EXTRACTED INFORMATION below:

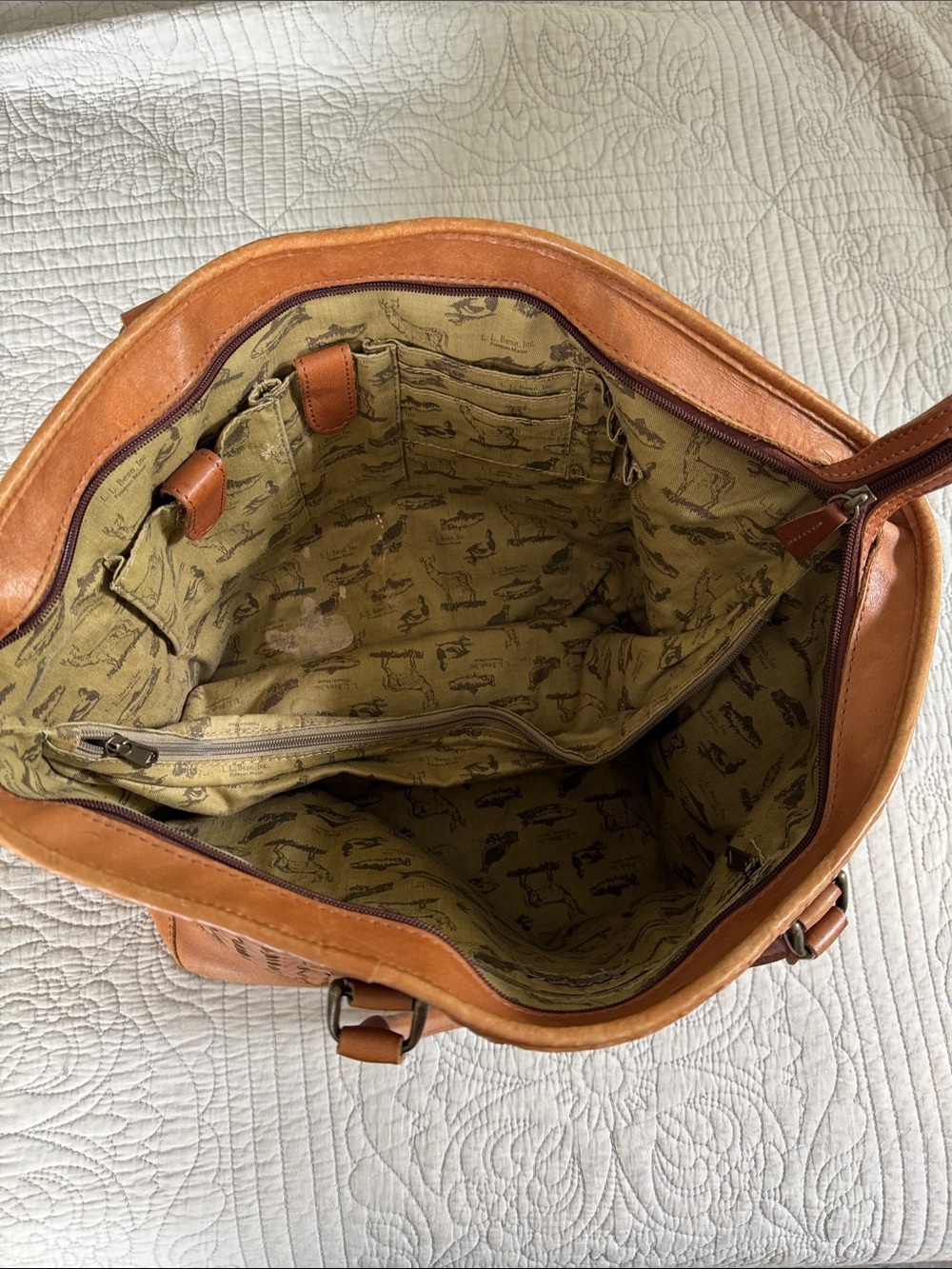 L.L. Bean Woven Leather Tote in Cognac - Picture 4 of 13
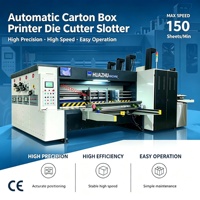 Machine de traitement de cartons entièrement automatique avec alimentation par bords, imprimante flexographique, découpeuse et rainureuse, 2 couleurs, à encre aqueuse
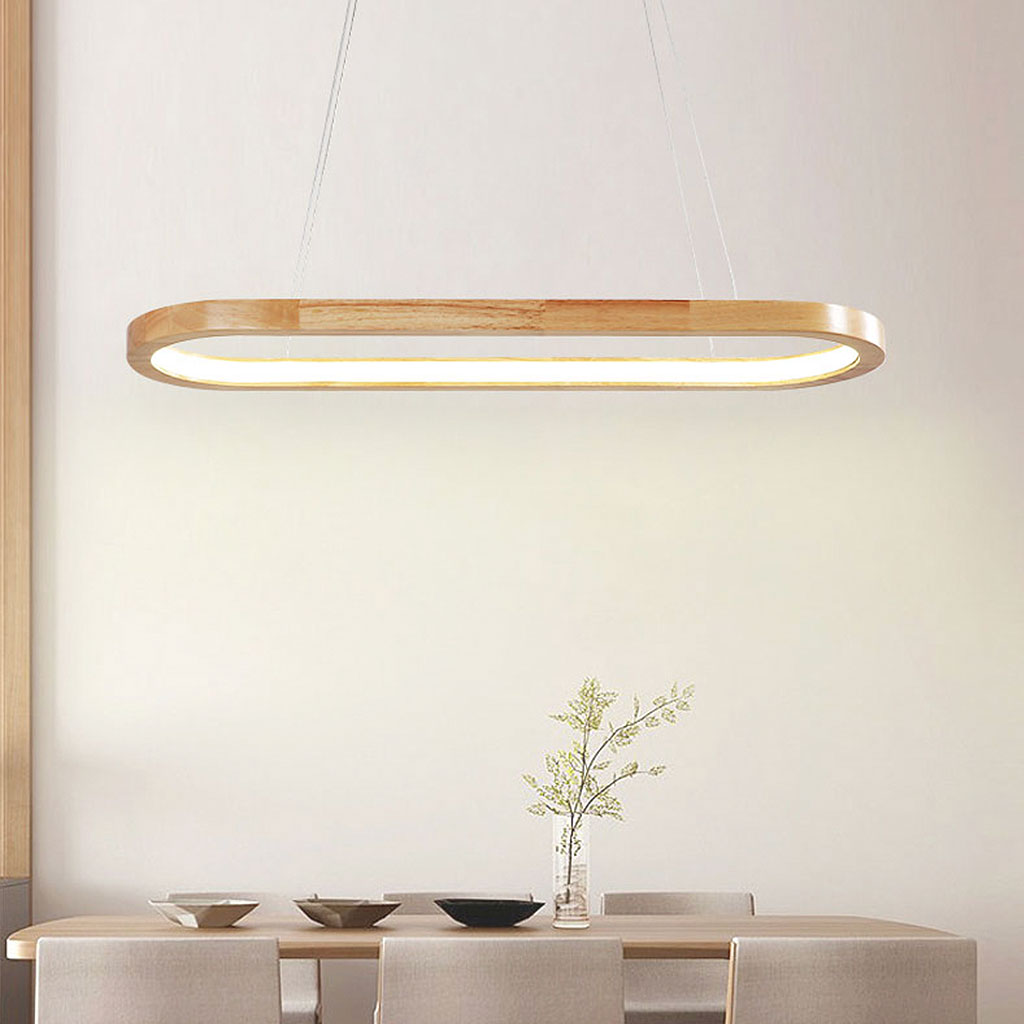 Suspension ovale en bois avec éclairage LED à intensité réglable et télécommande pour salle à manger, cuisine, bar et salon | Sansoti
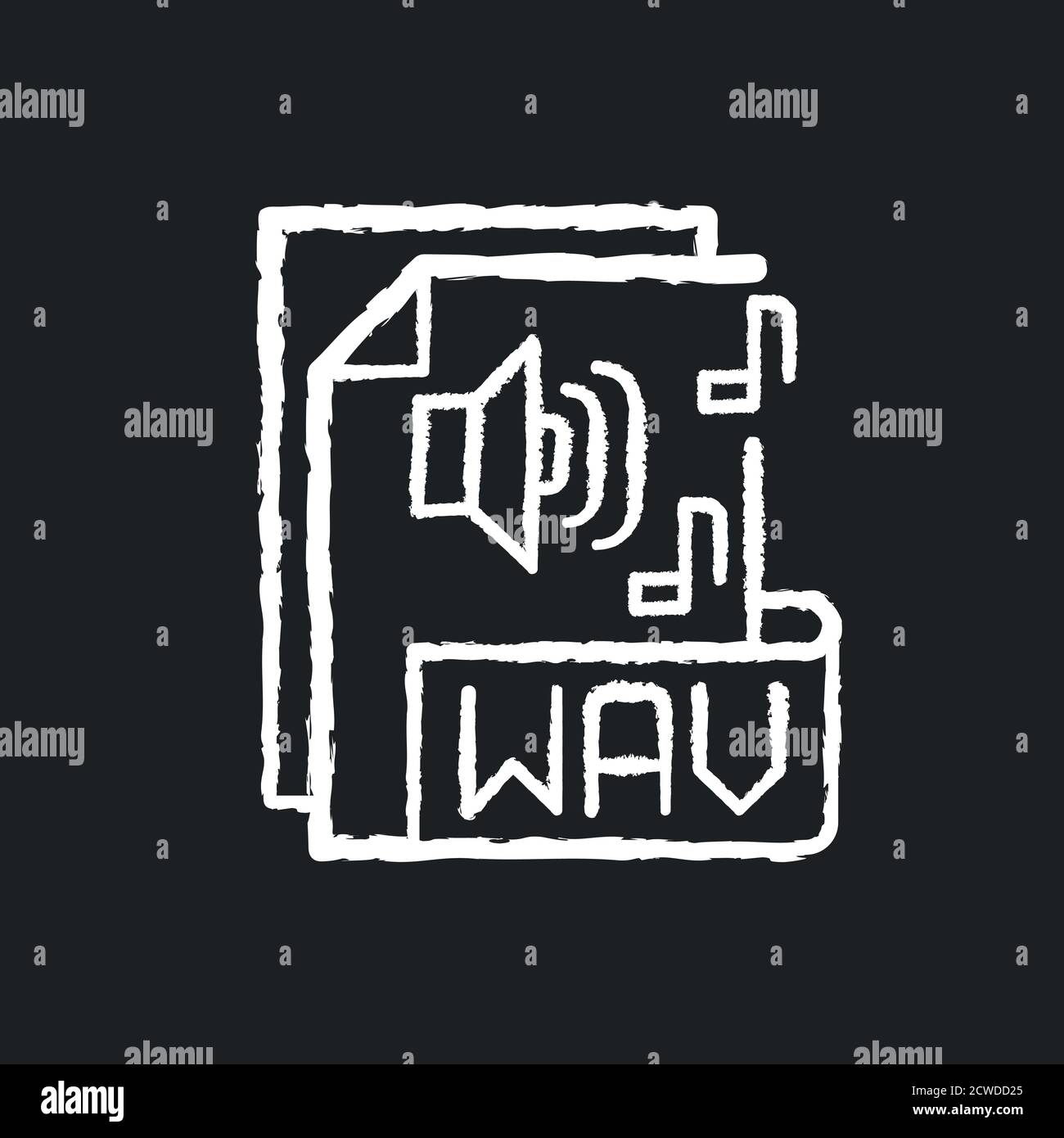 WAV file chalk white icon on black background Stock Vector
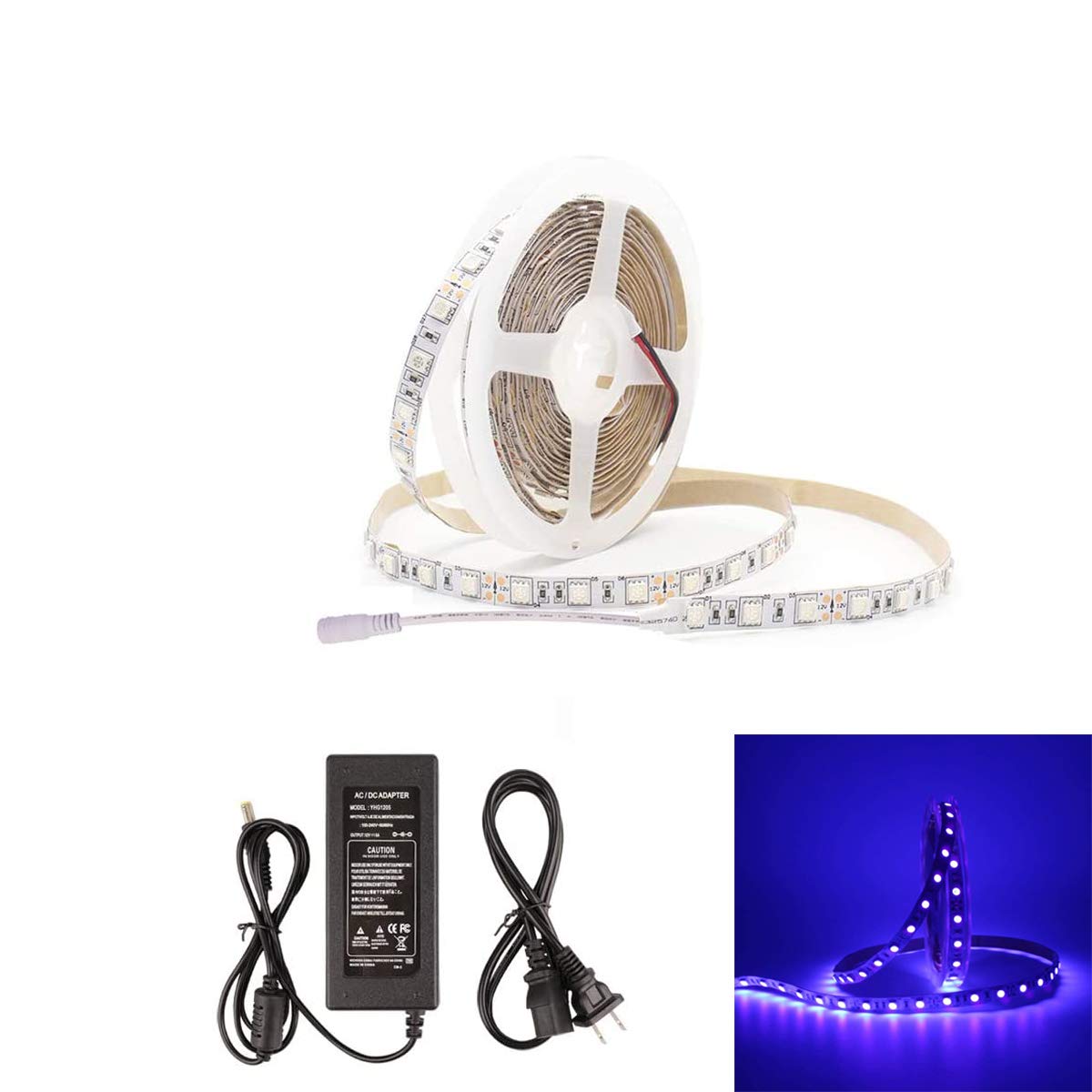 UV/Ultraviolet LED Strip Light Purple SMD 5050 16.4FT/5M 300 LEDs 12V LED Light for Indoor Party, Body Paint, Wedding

End of EXTRACTED INFORMATION.

» **WORK ITEM**:
Please give again only the lines from the one containing "Machine de traitement" through the last line of the entries above, exactly as they stand and without pictures.

» **EXERCISE OUTPUT**:
 Machine de traitement de cartons entièrement automatique avec alimentation par bords, imprimante flexographique, découpeuse et rainureuse, 2 couleurs, à encre aqueuse
 Suspension ovale en bois avec éclairage LED à intensité réglable et télécommande pour salle à manger, cuisine, bar et salon | Sansoti
 WAV file chalk white icon on black background Stock Vector
 UV/Ultraviolet LED Strip Light Purple SMD 5050 16.4FT/5M 300 LEDs 12V LED Light for Indoor Party, Body Paint, Wedding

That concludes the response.